In support of this theory is the higher frequency of aphakic glaucoma in children who have their surgery at younger ages. Arguing against this theory is the seemingly equal rate of aphakic glaucoma following pars plana lensectomy.
Certainly this makes sense in the “soft” paediatric eye and may be supported by a possible lower incidence of glaucoma in pseudophakic eyes, although the latter factor requires many more years of study, and the incidence of glaucoma in pseudophakia seems to rise as the years pass: a rise far above the initial cautious expectations.2
Some eyes with aphakic glaucoma do have an angle appearance on gonioscopy very reminiscent of the angle in congenital/infantile glaucoma. Such eyes may even respond to goniotomy. This suggests that there is more that is wrong with the eye than the cataract. If this is true, then perhaps we should see more patients with isolated cataract plus glaucoma before surgery. Such patients may exist but have their “natural” glaucoma “prevented” by cataract surgery, which is needed promptly to obtain a better vision outcome.

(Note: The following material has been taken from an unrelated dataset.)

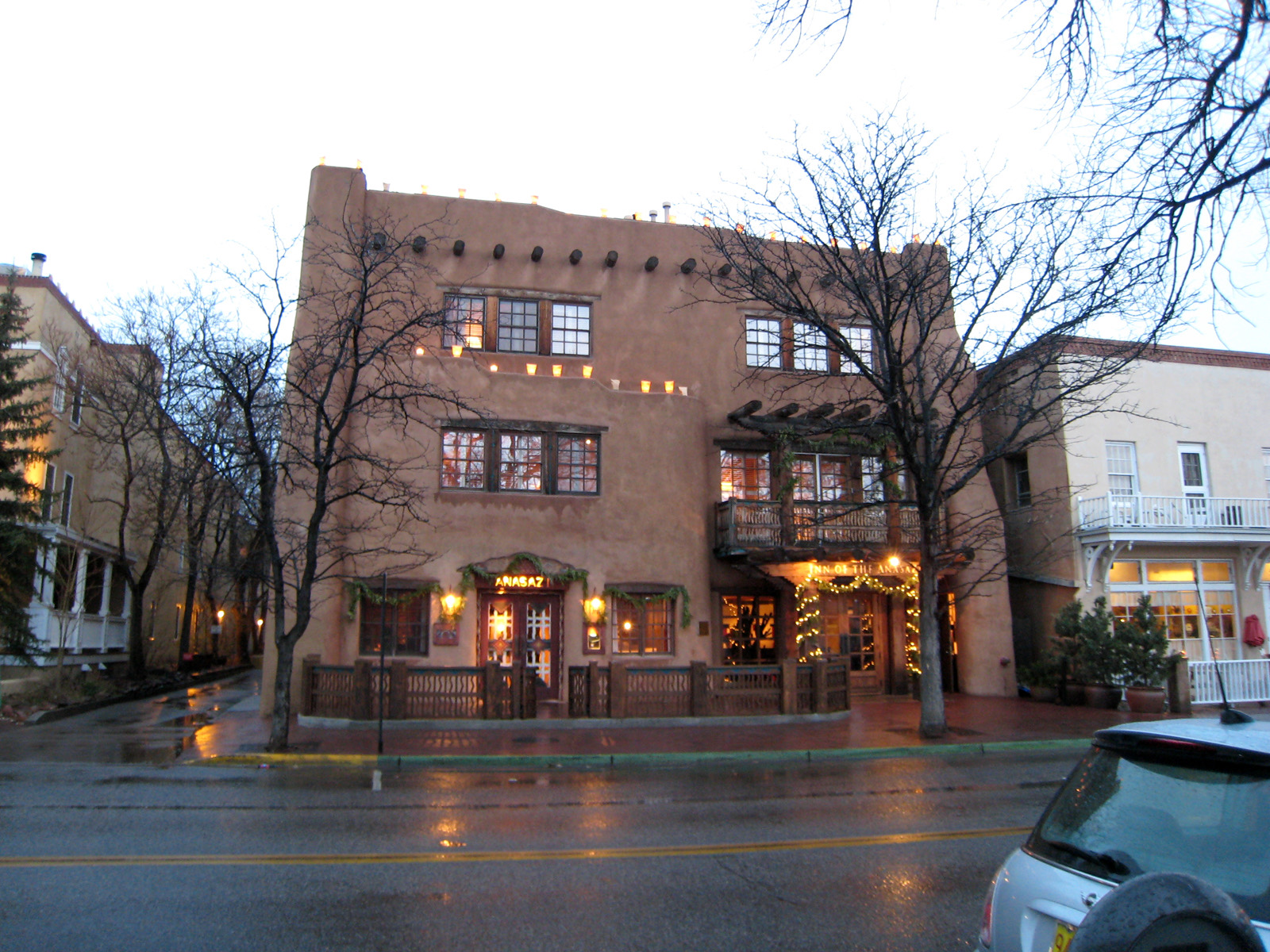 Rosewood Inn of the Anasazi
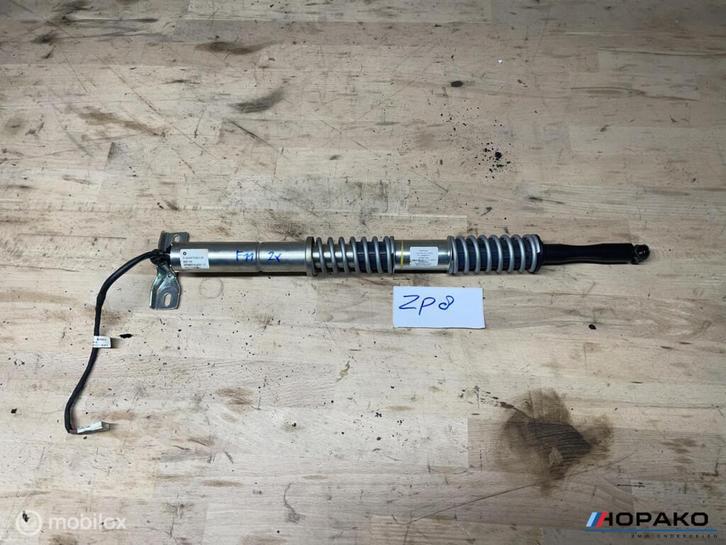 Gasveer achterklep BMW 5 serie F11 - 925134, Auto-onderdelen, Klein materiaal, Gebruikt, Ophalen of Verzenden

For those who frequently do cataract surgery with primary posterior capsulotomy, especially in younger eyes left aphakic, there is a familiarity with the high frequency of vitreous entry into the anterior chamber. Perhaps the presence of vitreous, even when temporary, can cause a more permanent alteration of aqueous drainage. Gonioscopy techniques do not allow us to assess this possibility well. Again, time will be the judge as we follow the course of pseudophakic patients who had their capsulotomy done after IOL implantation via the pars plana. But these patients are on average older and therefore less at risk for glaucoma.
Even in adults, when the posterior capsule ruptures during cataract surgery even without vitreous entering the anterior chamber, there is an increase in later glaucoma. Is it the mere exposure of the posterior chamber to the anterior chamber that causes some chemical factor to “poison” the angle? Although vitreous excitatory amino acids and other factors have been speculated to have a role in glaucoma, there is much work to be done in this area, and the consistency of the paediatric vitreous is very different from that of adults.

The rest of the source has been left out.